(Beginning of Records provided)
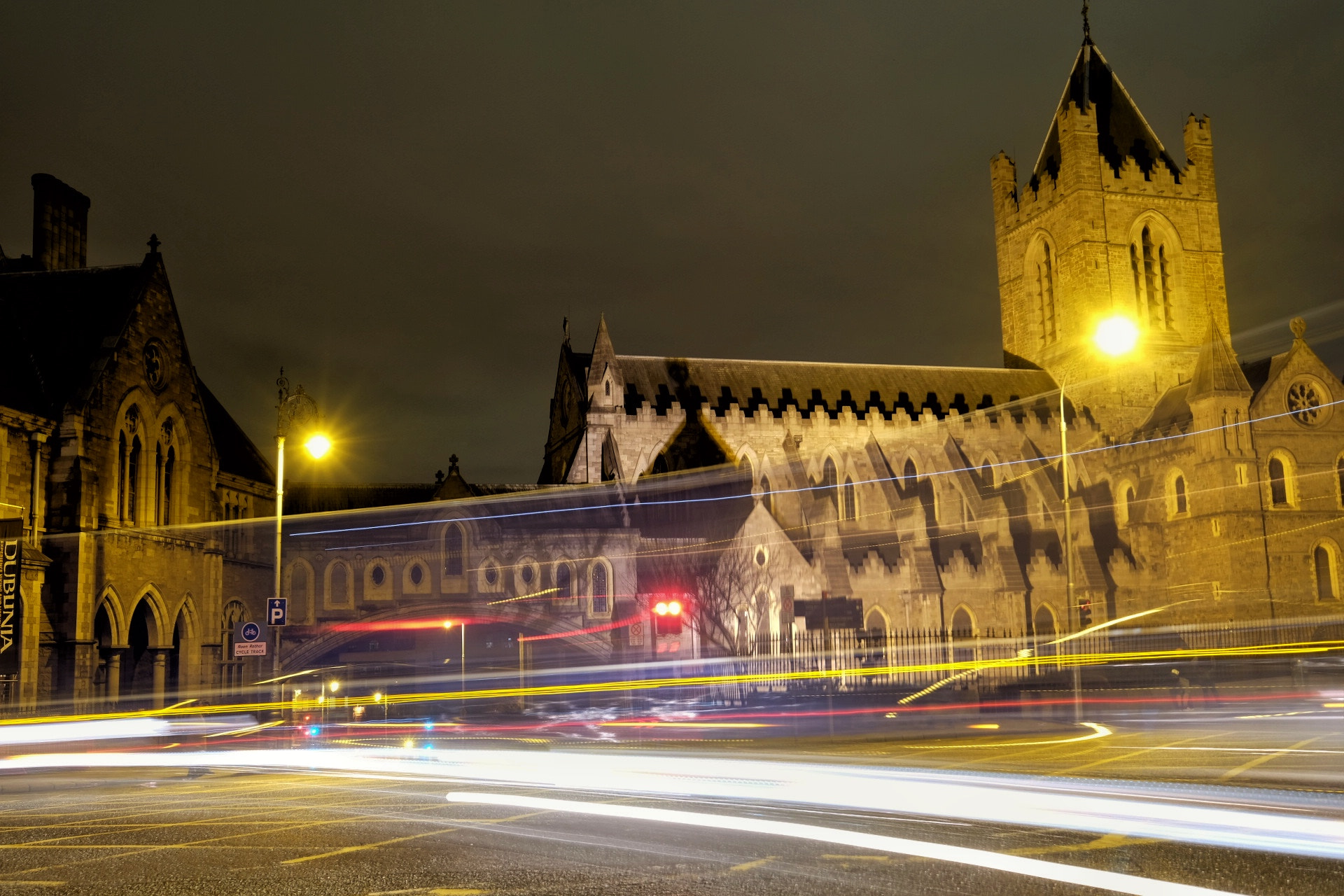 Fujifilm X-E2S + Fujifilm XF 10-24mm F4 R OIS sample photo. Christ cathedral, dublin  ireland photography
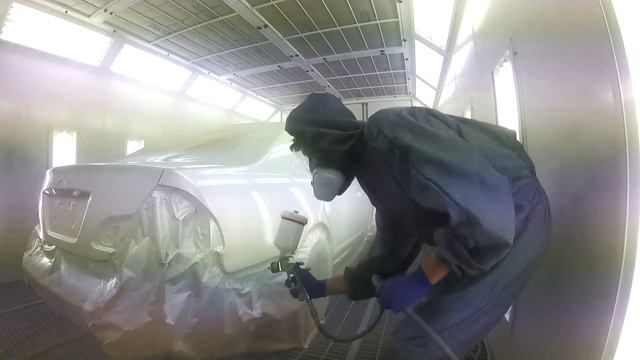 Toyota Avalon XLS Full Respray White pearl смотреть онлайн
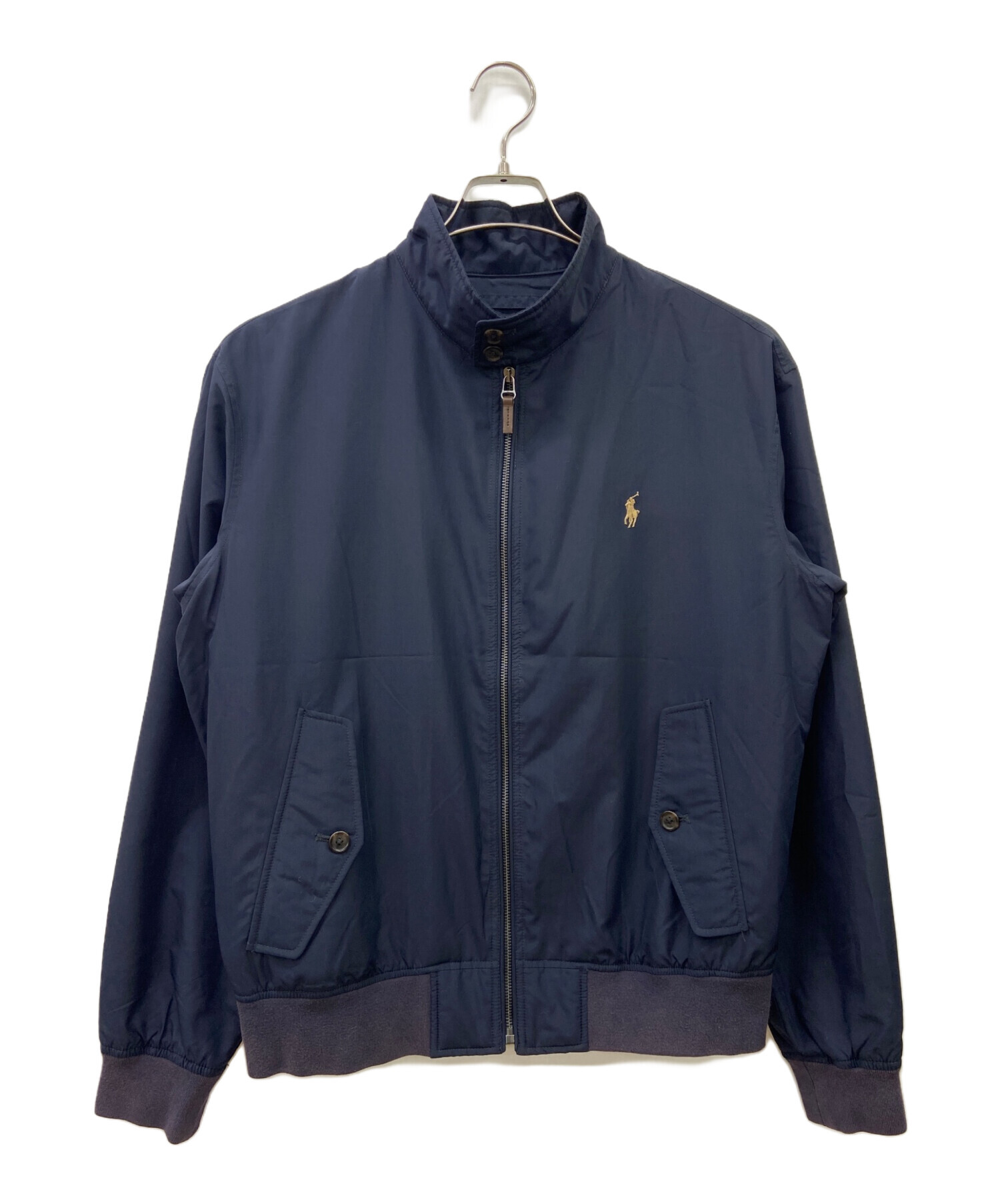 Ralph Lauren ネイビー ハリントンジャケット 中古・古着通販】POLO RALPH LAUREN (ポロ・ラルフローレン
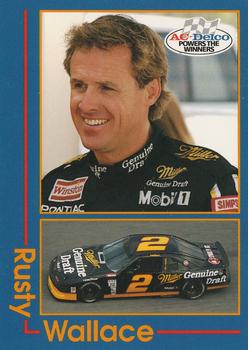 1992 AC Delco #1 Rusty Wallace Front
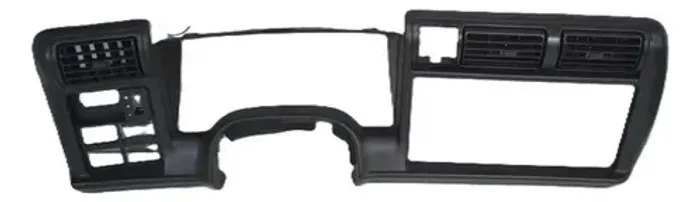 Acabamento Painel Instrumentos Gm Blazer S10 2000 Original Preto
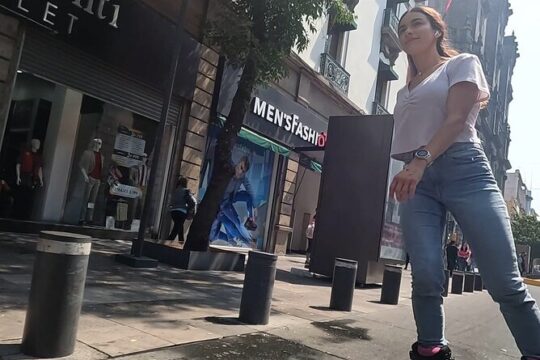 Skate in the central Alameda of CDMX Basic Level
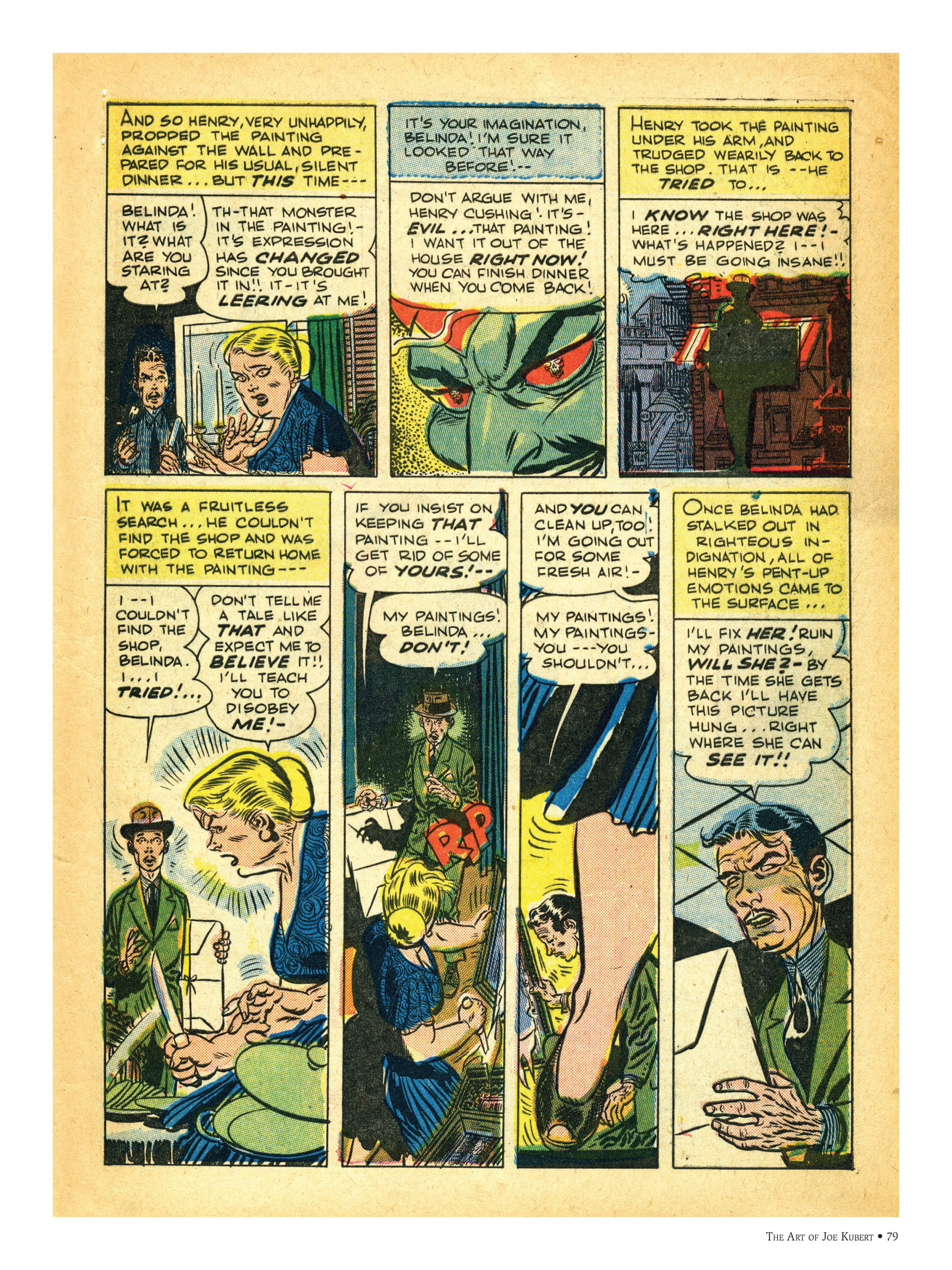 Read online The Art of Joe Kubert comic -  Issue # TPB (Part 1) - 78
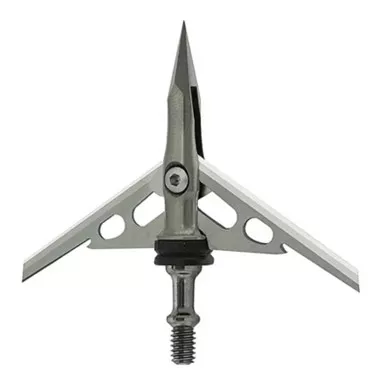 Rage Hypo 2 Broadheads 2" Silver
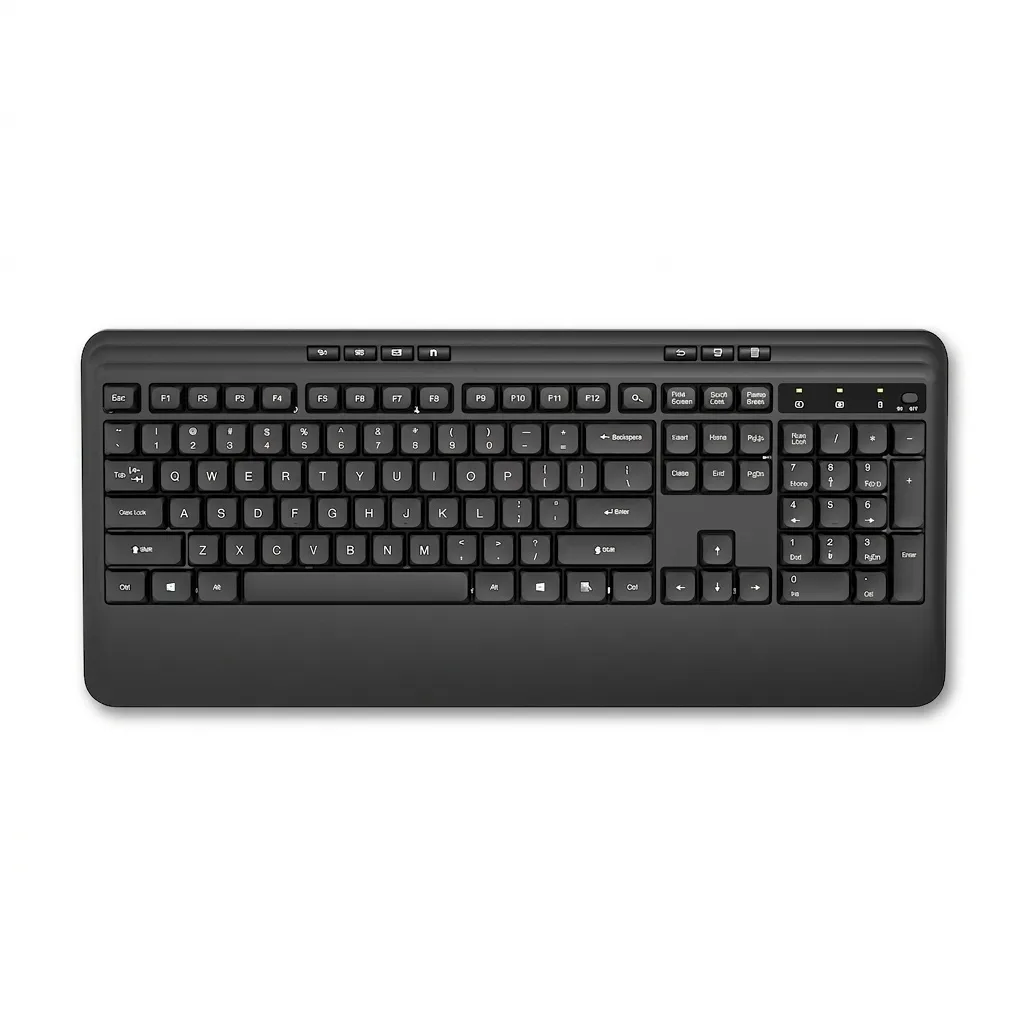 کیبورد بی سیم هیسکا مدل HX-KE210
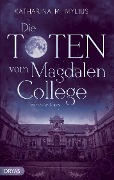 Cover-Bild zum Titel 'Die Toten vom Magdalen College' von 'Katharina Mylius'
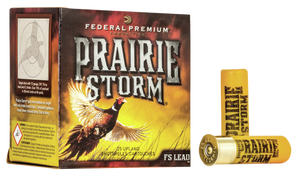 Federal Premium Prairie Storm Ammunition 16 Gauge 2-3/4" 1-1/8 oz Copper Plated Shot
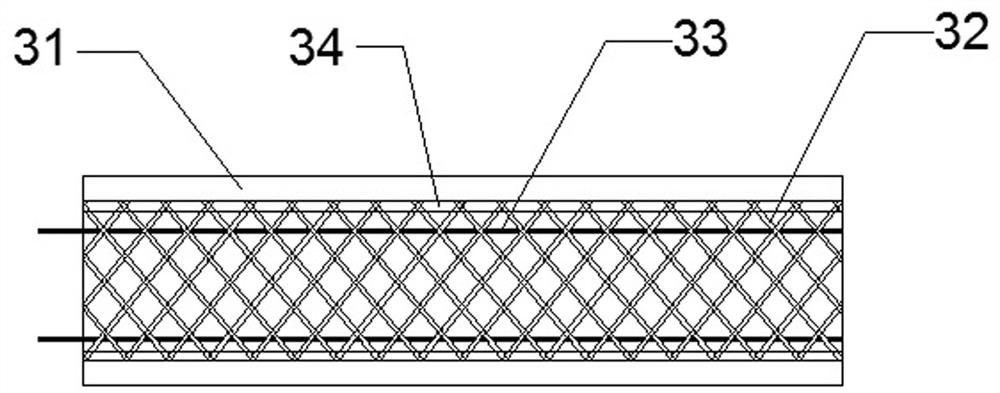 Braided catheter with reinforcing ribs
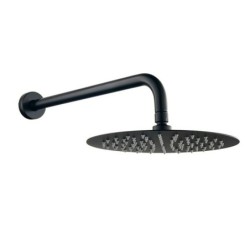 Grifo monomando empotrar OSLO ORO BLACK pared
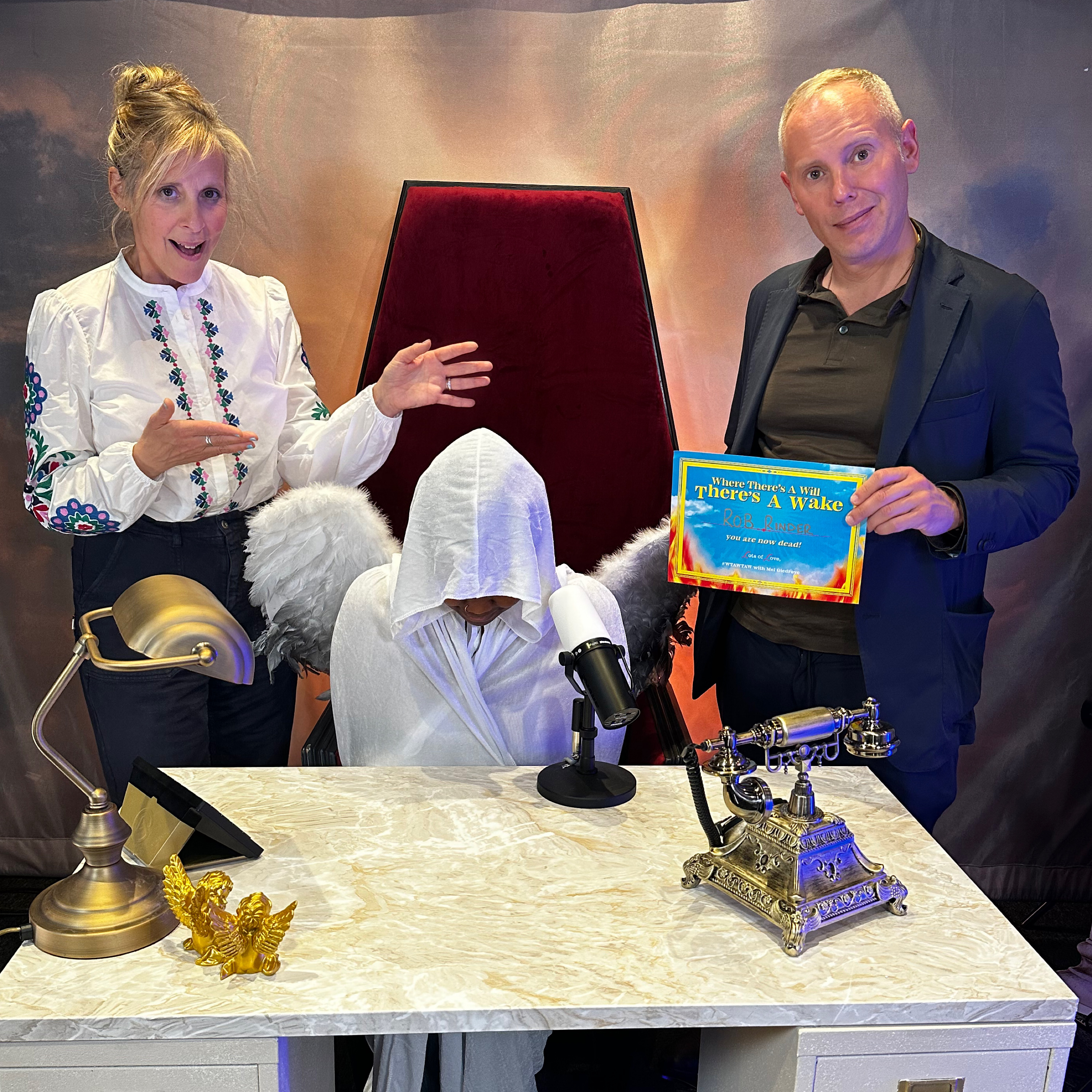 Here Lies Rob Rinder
(End of Records provided)
= Your instructions =
The line containing "Cover-Bild zum Titel" and every line after it, through the end of the material above, are to be printed exactly; no pictures belong in the output.

= Solution =
 Cover-Bild zum Titel 'Die Toten vom Magdalen College' von 'Katharina Mylius'
 Federal Premium Prairie Storm Ammunition 16 Gauge 2-3/4" 1-1/8 oz Copper Plated Shot
 Braided catheter with reinforcing ribs
 Grifo monomando empotrar OSLO ORO BLACK pared
 Here Lies Rob Rinder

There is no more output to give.